How Ancient Festivals Could Shape the Future of Agrobiodiversity Conservation
Source PublicationSpringer Science and Business Media LLC
Primary AuthorsRoul, Punia

Finding effective ways to protect local crop varieties remains a complex challenge. New early-stage research suggests that ancient cultural festivals could break this bottleneck, acting as highly efficient, community-led environmental governance systems.
Note: This article is based on a preprint. The research has not yet been peer-reviewed and results should be interpreted as preliminary.
For decades, the global push for agrobiodiversity conservation has struggled to find models that resist the pressures of industrial farming. This early-stage research points to an alternative approach hiding in plain sight.
The Challenge of Agrobiodiversity Conservation
Maintaining a wide variety of resilient crops is a top priority for sustainable agriculture. However, standard policies frequently clash with local traditions and immediate market demands.
Researchers looked at Odisha, India, where indigenous communities face intense pressure to adopt uniform, high-yield seeds.

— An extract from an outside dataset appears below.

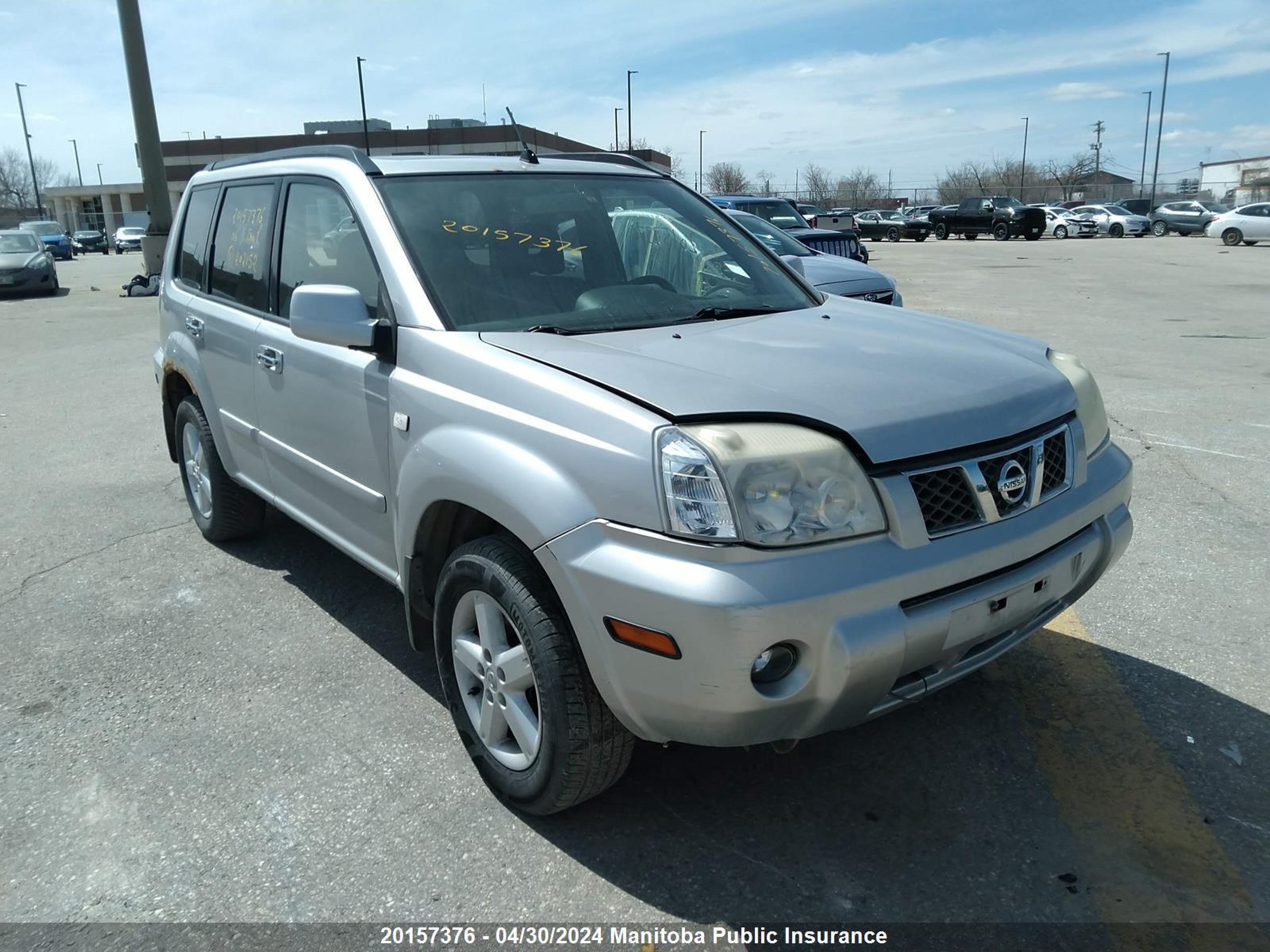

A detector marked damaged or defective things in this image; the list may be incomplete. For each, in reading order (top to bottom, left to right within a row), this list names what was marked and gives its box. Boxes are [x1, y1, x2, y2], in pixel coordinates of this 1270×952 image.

crack in pavement [0, 525, 188, 607]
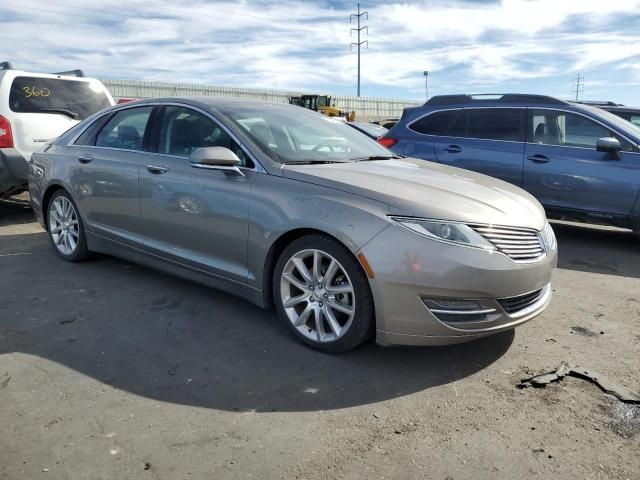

Yet, certain local crops and artisanal resources continue to thrive despite these neoliberal market pressures.
Measuring the Impact of Ritual Cycles
The study analysed three specific ritual cycles in Odisha between 2018 and 2023. While these findings are currently specific to this regional context, researchers measured how these festivals function as appropriation rules for managing common resources.
They observed that these events operate as informal institutions regulating access to seeds and natural materials. The data showed three distinct functions:
- Burlang Yatra facilitates millet seed exchange networks based on strict reciprocity.
- Thakurani Yatra enforces quality control within handloom and sericulture supply chains.
- Bali Yatra acts as a commemorative practice to preserve maritime ecological knowledge.
The researchers also recorded structural limitations within these systems. Their analysis noted distinct gender power imbalances and caste-based exclusions that dictate who actually benefits from these arrangements.
Designing the Future of Food Security
What does this mean for the next decade of agricultural planning? Policymakers could begin to shift their strategies away from imposing external conservation frameworks.
Instead, governments might support existing cultural architectures to maintain ecological balance. By formally recognising festivals as resource management hubs, conservationists could protect endangered crop varieties more effectively.
Over the next five to ten years, this approach could alter how agricultural sustainability is implemented. Investments and support might flow directly into strengthening these community-led exchange networks.
Furthermore, this model offers a decentralised way to understand human-environment interactions. As farmers bring different seed varieties to these seasonal events, researchers can observe how indigenous communities maintain agrobiodiversity under agricultural modernisation.
Integrating cultural performance into environmental governance suggests a highly practical method to counter agricultural uniformity. Moving forward, these informal institutions could provide the resilience required to keep local food systems secure.